Seni melipat kertas yang sesungguhnya sudah dikenal di
Indonesia, ternyata mempunyai riwayat dan liku-liku yang tidak
sederhana. Pada pertengahan abad ke-6, ketika seorang pendeta
Budha menyebarkan cara pembuatan kertas dari Cina ke Jepang
lewat Korea, kala itulah diduga mulai muncul origami. Tentu saja
waktu itu kertas masih jarang dibuat dan harganya mahal. Maka
origami hanyalah dibuat untuk keperluan-keperluan besar,
misalnya pada upacara keagamaan Sinto.
Tatkala pabrik-pabrik kertas mulai bermunculan, origami pun
mulai memasyarakat. Tapi tetap berfungsi sebagai bagian dari
upacara keagamaan. Yang sampai kini masih dipercaya sejumlah
orang Jepang, ialah memasang origami burung bangau di atas pintu
rumah. Katanya, ini akan membawa banyak rezeki dan panjang umur
bagi penghuni rumah itu.
Juga bila seorang perempuan hendak melahirkan, di dalam kamarnya
ditaruh origami burung bangau, dengan maksud agar ibu dan anak
selamat. Ini barangkali yang menyebabkan origami jenis burung
berkaki dan berparuh panjang ini ada banyak variasinya.
Buku tentang origami yang pertama kali terbit, pada 1797,
berjudul Senbazuru Origata, atau cara melipat kertas juga
membentuk seribu bangau. Dan konon, origami bangau dijadikan
patokan sebagai origami yang lipatannya khas Jepang. Selain
Jepang, Spanyol, Jerman, Korea dan beberapa negara lain telah
pula mengembangkan seni melipat kertas.
Dengan berkembangnya industri pembuatan kertas, origami
berkembang tak hanya digunakan dalam upacara sakral. Muncul satu
cabang origami yang disebut yugi origami, origami untuk hiburan.

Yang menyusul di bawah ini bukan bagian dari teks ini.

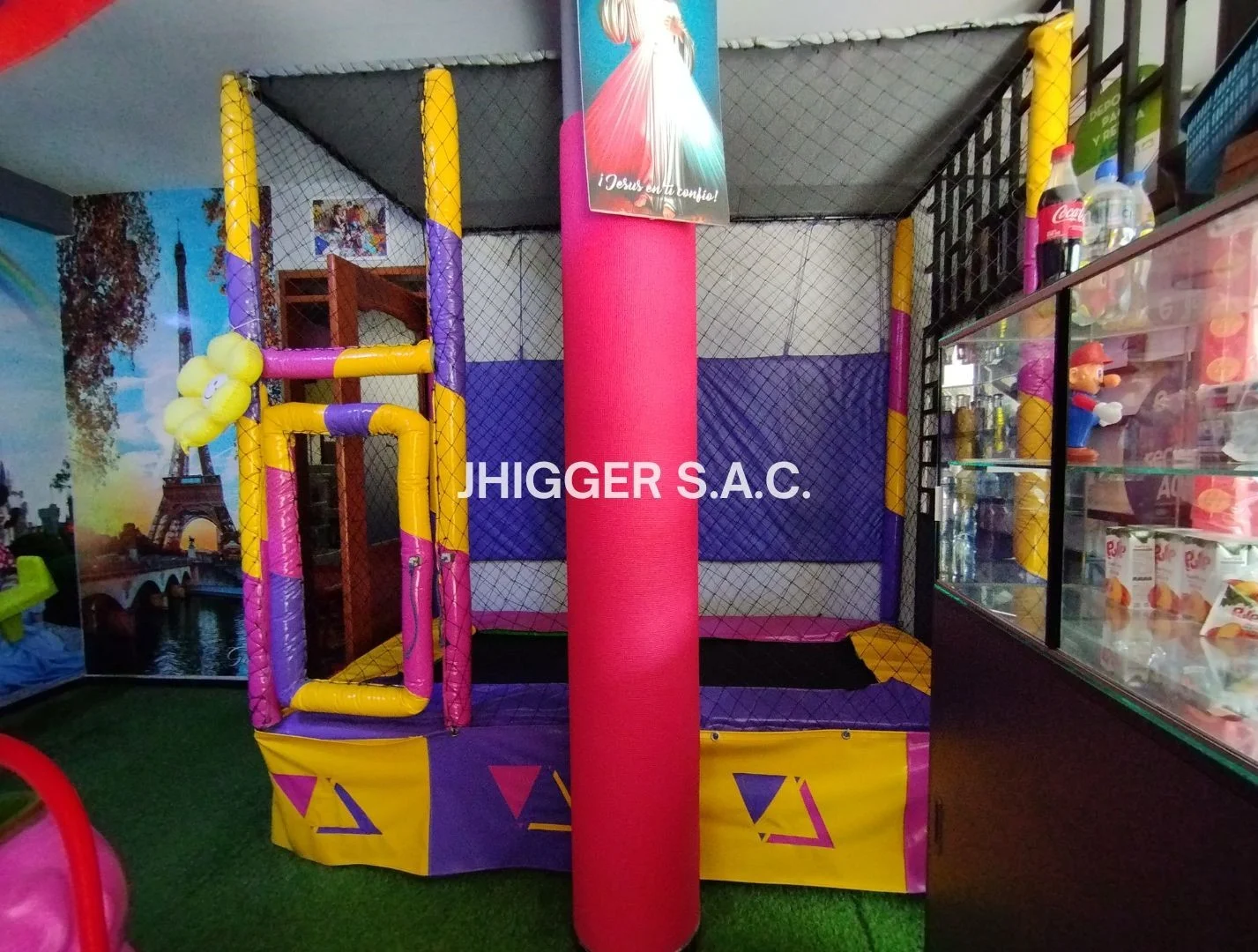 Gallery image 59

Mulai saat itulah ibu-ibu di rumah dalam waktu senggangnya
mengajar anak-anaknya melipat-lipat kertas membentuk anjing,
burung atau bunga atau lainnya. Bahkan setelah kertas dijadikan
pembungkus, cara melipat dalam origami mempengaruhi cara orang
Jepang dalam membungkus.
Sejak itu muncullah seniman-seniman origami yang menciptakan
bentuk-bentuk baru. Maka origami Jepang pun terkenal di seluruh
dunia, mengalahkan seni melipat kertas di negara-negara lain.
Untuk memelihara ketrampilan ini, pemerintah Jepang menjadikan
origami pelajaran wajib di TK sampai kelas III SD. Meskipun
sesungguhnya, orang pertama yang memasukkan seni melipat kertas
ke sekolah, adalah orang Jerman, Friedrich Froebel, ketika ia
mendirikan TK pertama di abad ke-19.
Di Jepang untuk diakui sebagai seniman origami tidak gampang.
Syarat pertama, harus sudah menerbitkan buku berisi minimal 70
disain origami baru. Sesudah itu, masih pula ia diuji oleh
Asosiasi Origami tentang keaslian ciptaannya, proses penemuannya
dan sebagainya. Menurut Yasuhiro telah banyak yang dinyatakan
ahli origami, "tapi yang hidup dari membuat origami seperti
saya hanya ada 10 orang."
Ada tiga kriteria pokok untuk karya origami yang baik. Ialah,
lipatan kertas tidak ruwet. Bentuknya mirip dengan obyek yang
ditiru, mudah dikenali. Dan, hanya dibuat dari selembar kertas
tanpa digunting, atau dijepit, atau dilem.
Sebuah karya origami yang lahir dari ahlinya, harganya pun tidak
murah. Sekitar 100 ribu Yen (sekitar Rp 300 ribu), kata
Yasuhiro.
Di Pusat Kebudayaan Jepang, Jakarta, karya-karya Yasuhiro
dipamerkan, diletakkan pada sebuah meja sepanjang kira-kira 5 m.
Semuanya kecil-kecil, setinggi sekitar 15 cm. Keistimewaan
Yasuhiro, menurut pengakuannya sendiri, ia telah menciptakan
berbagai origami anjing. Dia pun dikenal pernah menciptakan
karya origami besar dari kertas selebar 5,25 m.